> _Provided records_:
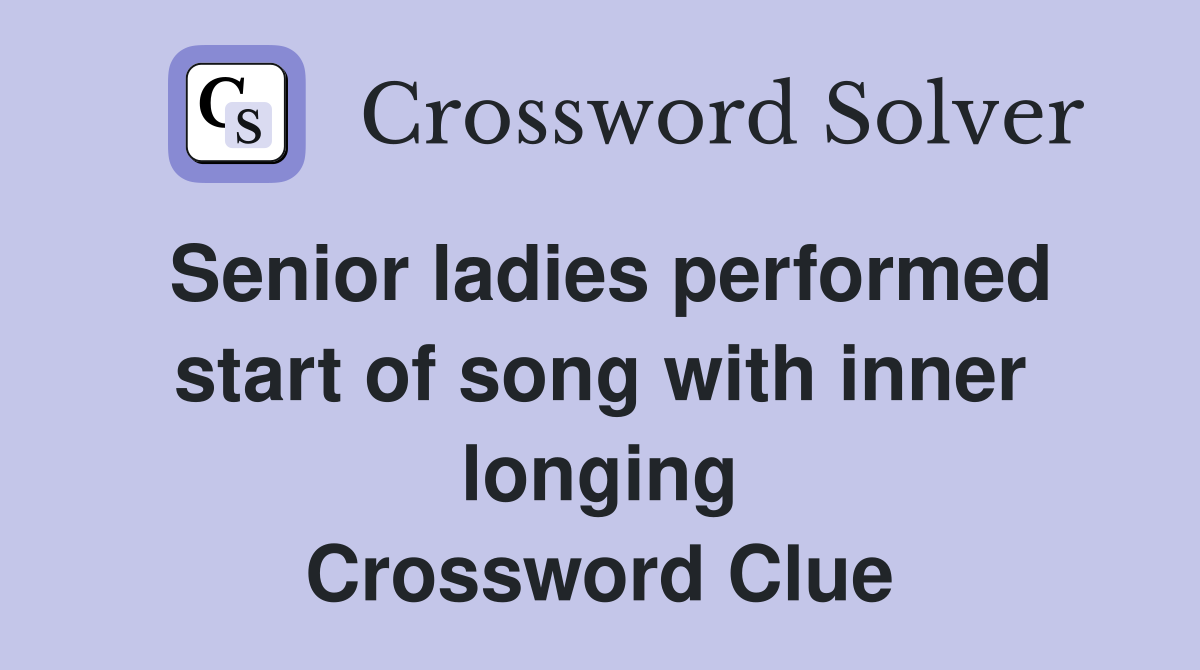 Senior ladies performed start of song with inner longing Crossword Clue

---

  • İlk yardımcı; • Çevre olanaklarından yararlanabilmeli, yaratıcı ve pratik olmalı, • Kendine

...

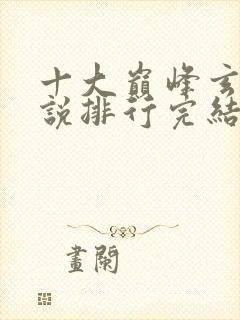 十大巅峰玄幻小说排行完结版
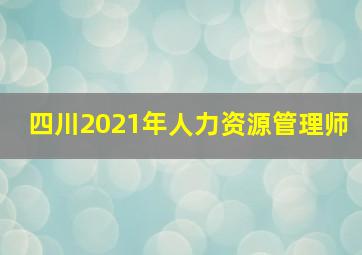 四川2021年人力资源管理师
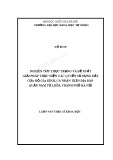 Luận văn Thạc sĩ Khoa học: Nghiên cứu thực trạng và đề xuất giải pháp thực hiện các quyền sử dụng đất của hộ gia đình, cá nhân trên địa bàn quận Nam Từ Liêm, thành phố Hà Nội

> _Brief_:
Within the listing above, the stretch from the line with "四川2021年人力资源管理师" down to the line with "Luận văn Thạc" is to be given again exactly, end lines included and pictures excluded.

> _Result of the exercise_:
 四川2021年人力资源管理师
 Luận văn Thạc sĩ Khoa học: Nghiên cứu thực trạng và đề xuất giải pháp thực hiện các quyền sử dụng đất của hộ gia đình, cá nhân trên địa bàn quận Nam Từ Liêm, thành phố Hà Nội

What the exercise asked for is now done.